***** SUPPLIED RECORDS *****
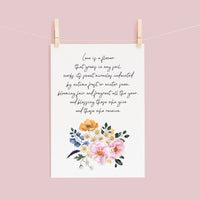Little Men - 'Love Is A Flower' Literary Quote Card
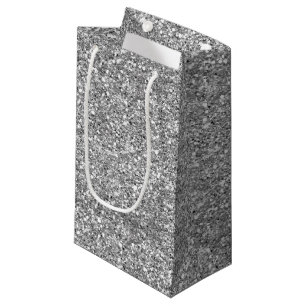 Silver Glitter Small Gift Bag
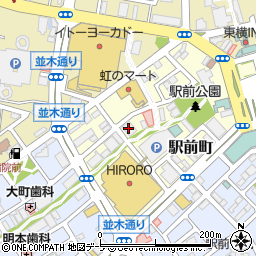 サンデュエル弘前駅前２管理室周辺の地図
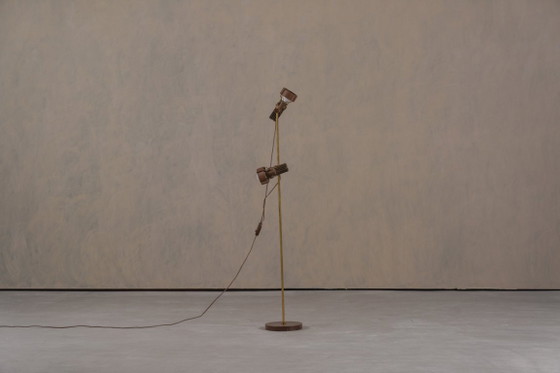 Image 1 of Verstellbare Stehlampe im Mid-Century-Modern-Stil, Deutschland, 1970er Jahre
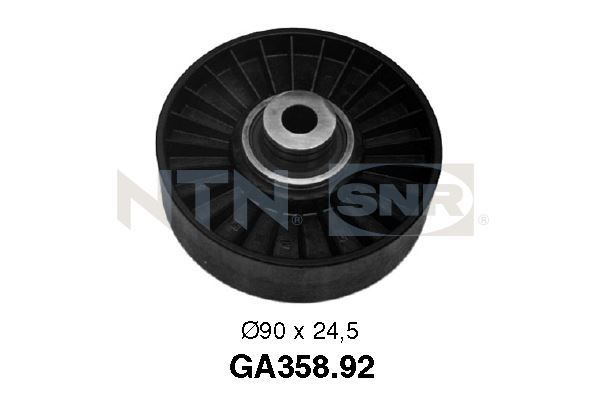 SNR Medløberhjul, multi-V-rem ga35892 for FIAT LANCIA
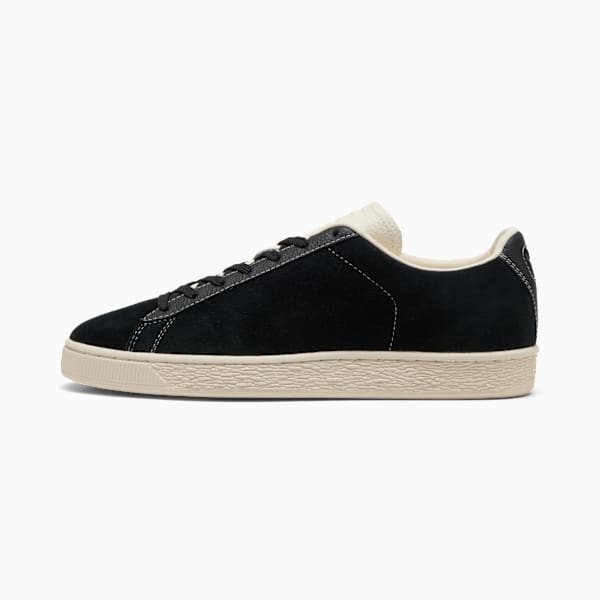 PUMA Suede Vintage Black-Off-White Stitch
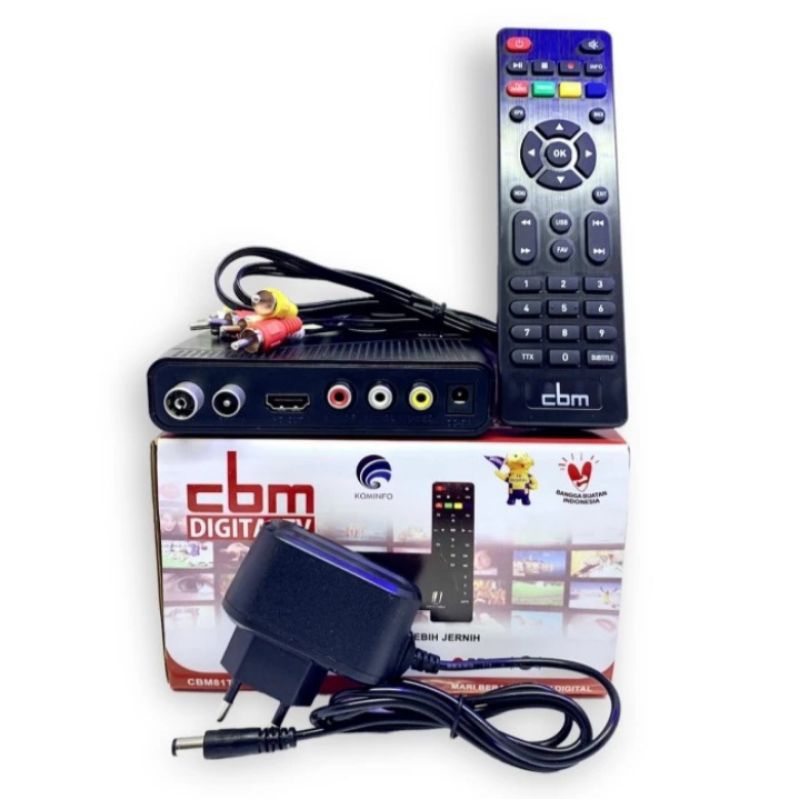STB CBM Set Top Box Merk CBM SNI Tob TV Digital Terestial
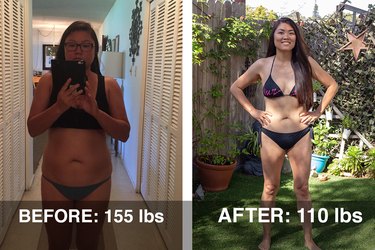 Kristina’s weight-loss transformation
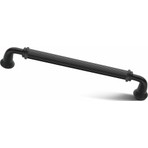 Interio Melis Mat Siyah Lüks Mobilya Dolap Çekmece Kulp 128MM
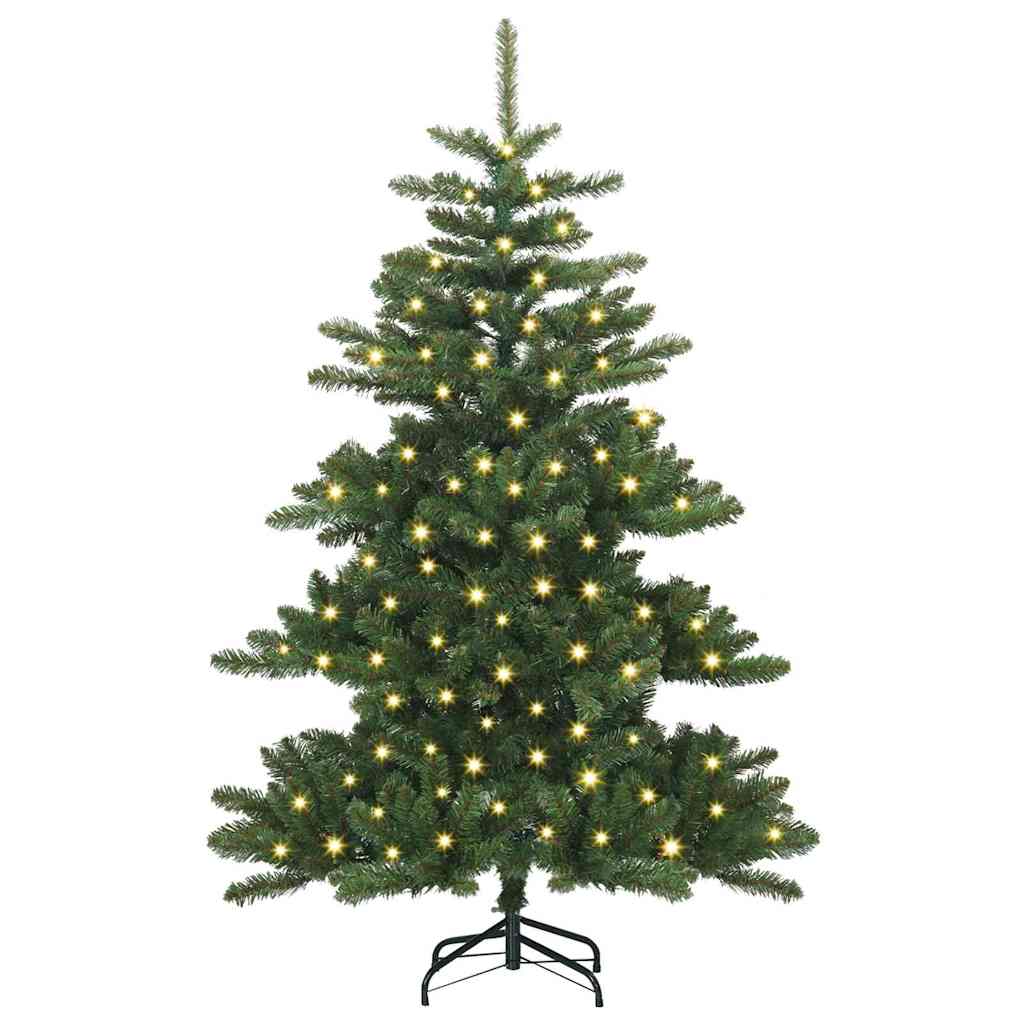 Kunstig sammensatt juletre med 150 LED grønn 150 cm PVC og stål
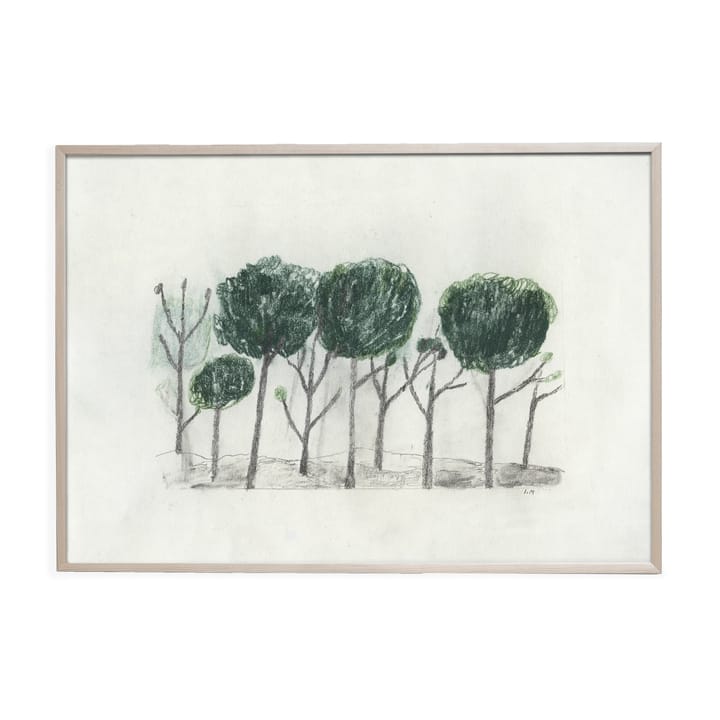 Trees plakat 50 x 70 cm - Sort-offwhite - Fine Little Day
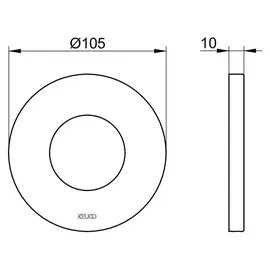 Keuco Wandrosette Übergröße für Ventile und -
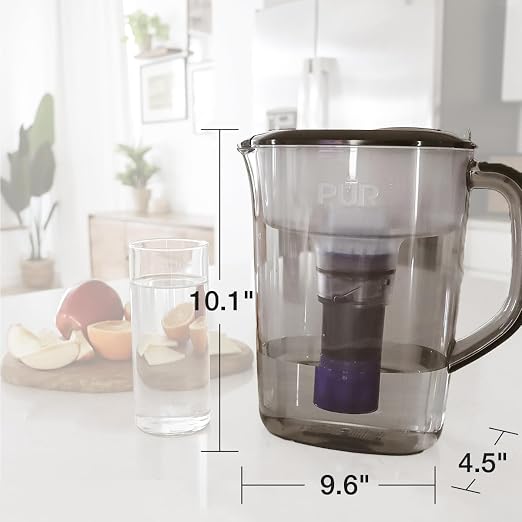PUR Plus 7-Cup Water Filter Pitcher, Great-Tasting Water, Dishwasher Safe - Image 9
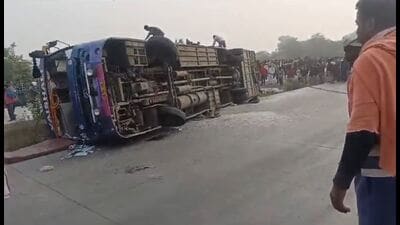Hazaribagh superintendent of police (SP) Arvind Kumar Singh said he had received confirmation about seven deaths. (Videograb)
*****
PROBLEM
Leave the pictures aside and print exactly, and only, the lines from the one with "Keuco Wandrosette Übergröße" through the end of the data, both included.

ANSWER FOR THE TASK
 Keuco Wandrosette Übergröße für Ventile und -
PUR Plus 7-Cup Water Filter Pitcher, Great-Tasting Water, Dishwasher Safe - Image 9
Hazaribagh superintendent of police (SP) Arvind Kumar Singh said he had received confirmation about seven deaths. (Videograb)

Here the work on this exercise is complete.